Ontario’s 2009 budget included a switch from a retail sales tax separate from the GST to a harmonized sales tax (HST). Superficially, this may seem like a trivial change because the retail sales tax was 8% and the provincial portion of the HST will also be 8%. However, there are two main differences that will affect Ontarians.
The first difference is known to most people: the HST will apply to more good and services than the retail sales tax does. The main change is that services will now be taxed at the 13% HST rate rather than just the 5% GST rate.
If this were the only change, then it would represent a substantial tax hike. But, there is another less well understood difference that changes the equation.

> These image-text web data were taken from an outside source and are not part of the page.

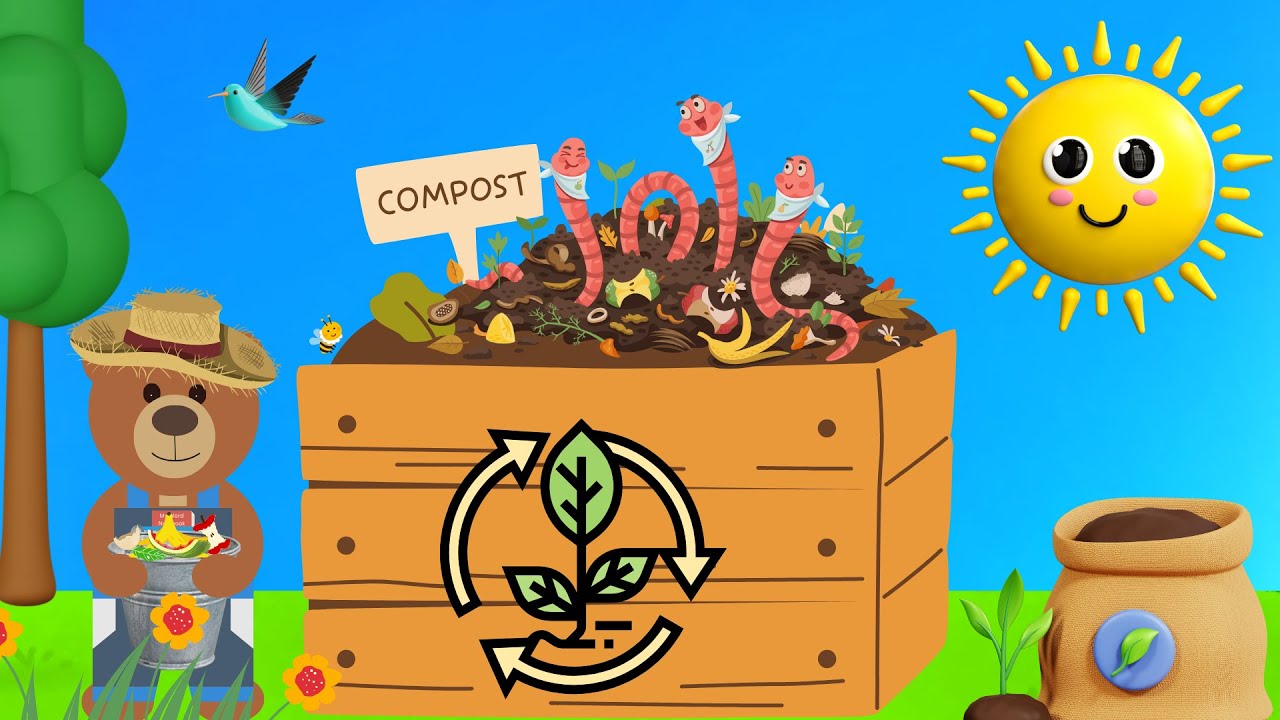Composting For Kids| Beary learns how to turn food scraps into organic compost for his garden.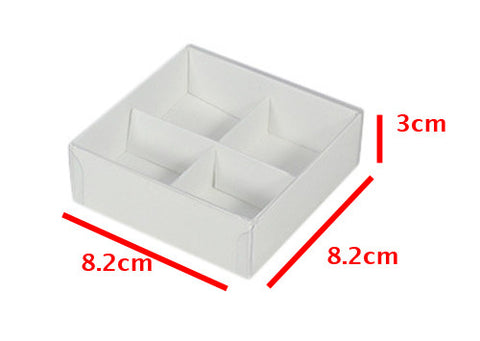 50 Pack of White Card Chocolate Sweet Soap Product Retail Gift Box - 4 Bay Compartments - Clear Slide On Lid - 8x8x3cm - SuperSaverAU - view 1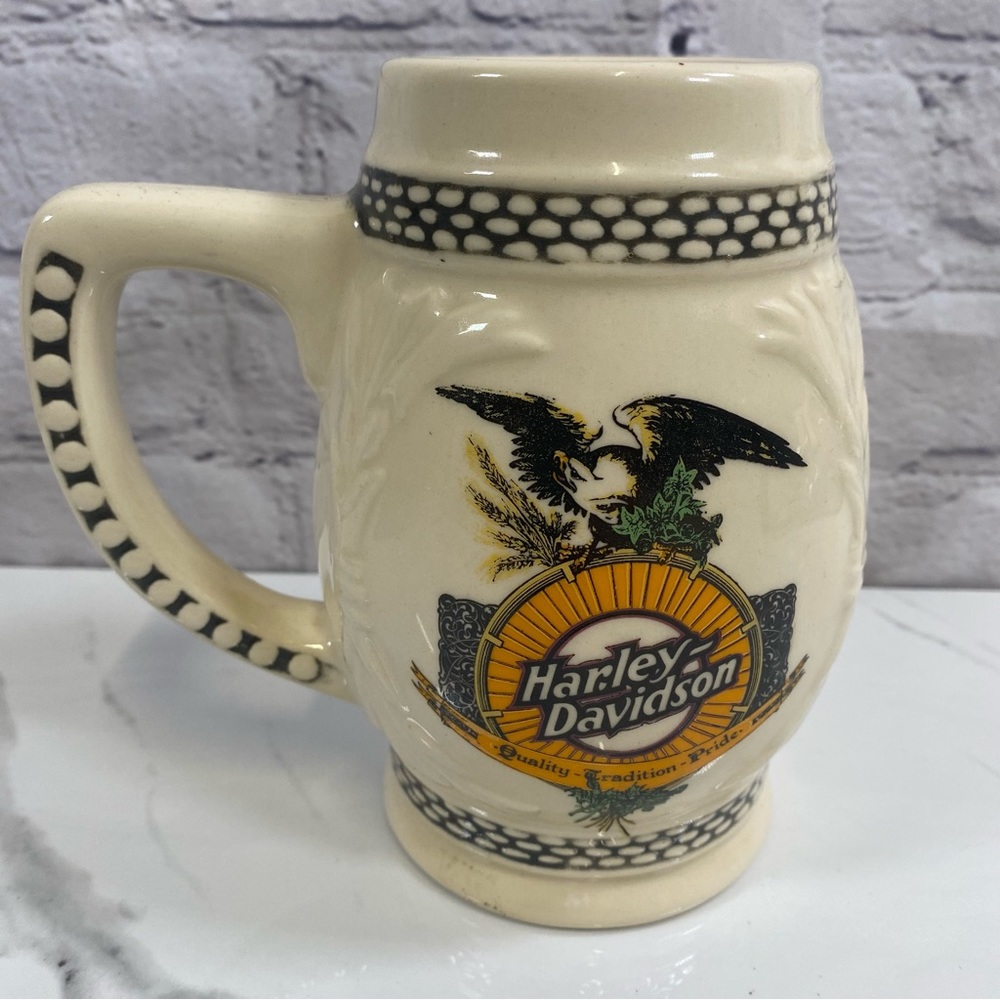 Harley-Davidson Ceramic Oversized Coffee Cup Beer Mug Stein Ivory Emblem Emboss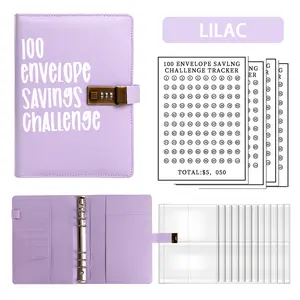 Combination Code Lock 100 Envelopes Money Saving Challenge Binder - Easy & Fun Way to Save $5,050, Modern Style, Non-Customized, No Warranty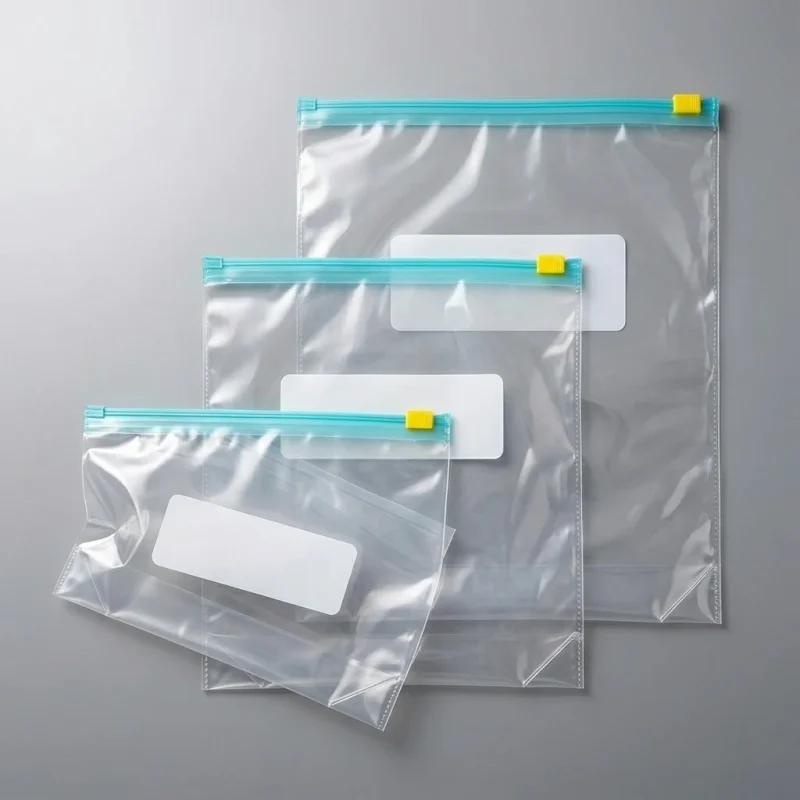 Soft slider plastic zipper bag material roll showing PET BOPP layer flexibility and durability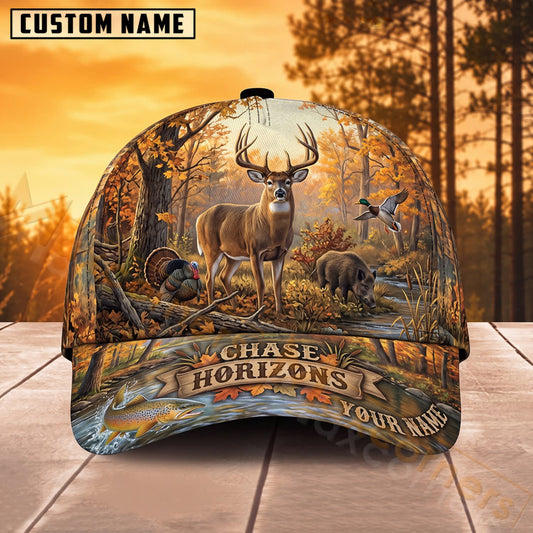 Maxcorners Whitetail Deer Hunting Golden Meadow Chase Horizons Personalized Name 3D Cap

Businesses can now use input tax credits (ITCs) for the HST. A business that collects HST from its customers doesn’t have to give all this money to the government. The business deducts the HST paid on the products and services it purchases to run its commercial operations. This system was used for the GST, and now it will apply to the provincial portion of the HST as well.
The net effect of ITCs is that money cycling through the economy is taxed less often with the HST than it was with the retail sales tax. To summarize:
- Total sales tax remains 13%.
- HST will apply to more goods and services than the old retail sales tax did.
- Businesses only have to pay their net HST.
The overall effect is to lower the sales tax charged to businesses, on average. Of course, some businesses specializing in services (such as my consulting business) will pay more sales tax, but the average business will pay less.
In theory, lowering the sales taxes on businesses should lead to lower prices and a net lowering of costs for consumers. In practice, we’ll have to see how things play out.